The new Texas law banning abortions after the detection of a fetal heartbeat raises too many questions to address in single blog. But let’s take a look at a few big ones that come to mind. Keep in mind that the new law permits anyone to sue any person who provides an abortion along with any person who aids or abets an abortion. The winning plaintiff will be entitled to recover legal fees plus damages in an amount up to $10,000.
- Suppose Johnny and Sally are teenage lovers in Texas. Sally suspects she might be pregnant but she is fearful of the new Texas law. She therefore asks Johnny to drive her to an out-of-state doctor “just in case.” Johnny decides to drive his father’s car. Before they embark on their journey, Sally tells her best friend Simone what is happening, and Simone can’t help telling her mom all about it. Simone’s mom then passes the juicy gossip along to a pro-life watchdog group, which insists on suing Johnny and his father for “aiding and abetting” an abortion. In their defense against the lawsuit, they argue that there is no proof that an abortion actually occurred. Question: Can the Texas court subpoena Sally and/or the out-of-state doctor to force them to testify about the exact nature of the personal medical procedure the was performed in another state? (Note that neither Sally nor the doctor could claim a 5th Amendment privilege against self-incrimination because the Texas law cleverly establishes a civil rather than a criminal proceeding.)
- Suppose Johnny and Sally are unaware that Sally is pregnant. One day, Sally starts experiencing severe abdominal pains, so Johnny rushes her to a hospital emergency room. There, a physician determines that Sally is most likely experiencing symptoms of a miscarriage but isn’t entirely sure. Fearful of how a Texas court might interpret a medical procedure, the physician tells Sally that there is nothing more that can be done. Question: Would the physician be liable for medical malpractice if Sally later suffers harm because of the physician’s refusal to act?

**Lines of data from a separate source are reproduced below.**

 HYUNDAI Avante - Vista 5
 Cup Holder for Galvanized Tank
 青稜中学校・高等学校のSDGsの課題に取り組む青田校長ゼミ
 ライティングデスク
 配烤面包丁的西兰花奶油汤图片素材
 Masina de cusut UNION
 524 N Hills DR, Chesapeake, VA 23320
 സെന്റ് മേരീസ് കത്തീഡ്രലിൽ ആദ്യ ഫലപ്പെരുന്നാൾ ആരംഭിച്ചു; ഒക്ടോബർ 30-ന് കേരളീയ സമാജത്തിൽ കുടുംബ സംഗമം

- Suppose Sally’s parents learn about her pregnancy and decide to drive her to an abortion clinic out of state. Johnny joins them on the trip. A watchdog group learns about their trip and decides to sue all three. Question: Could the watchdog group file three separate actions—one each against Sally’s father, mother, and Johnny—for aiding and abetting an abortion, in order to increase the total damage award to $30,000, since three “abettors” were involved?
Note that the Texas law will force young women into court on multiple occasions if they were victims of rape or incest. Here’s why: Suppose a young rape victim—one who has already endured the trauma of the rape and the excruciating psychological distress of coming to terms with whether or not to report it—must now face the consequences of this new Texas law, which will require her to spend the next seven to eight months bearing her rapist’s child. If she decides that she cannot endure the agony of continuing that pregnancy, then her decision to end the pregnancy will force her into the public eye yet again. But this time, she will not be coming to court as an innocent victim in the prosecution against the rapist. This time she will be the defendant in a civil lawsuit brought by an anti-abortion watchdog group, one suing her because she is a young person who did not wish to be the mother of her rapist’s child. Imagine the publicity that sure to descend upon that poor person when this trial happens, which it certainly must.
More importantly, though, the victim of a Texas rape will now find herself facing an awful dilemma: “Do I report this rape to the police? Because, if I do, and if I discover that I am pregnant even a few hours after the magic six-week deadline, then I will be banned from seeking an abortion. Maybe it would be better if I keep quiet about the rape, leave the state, and have a secret abortion if necessary. Otherwise, if I open my mouth, the anti-abortion watchdogs will suspect that I might be pregnant and will be watching my every move, in which case I might be forced to bear the rapist’s child.”
These are only a few of the many, many nightmares that come to mind.
Texas Republicans have sparked Frankenstein’s monster to life. Spirited Reasoners are confident that the political backlash against the law will be more powerful than the monster.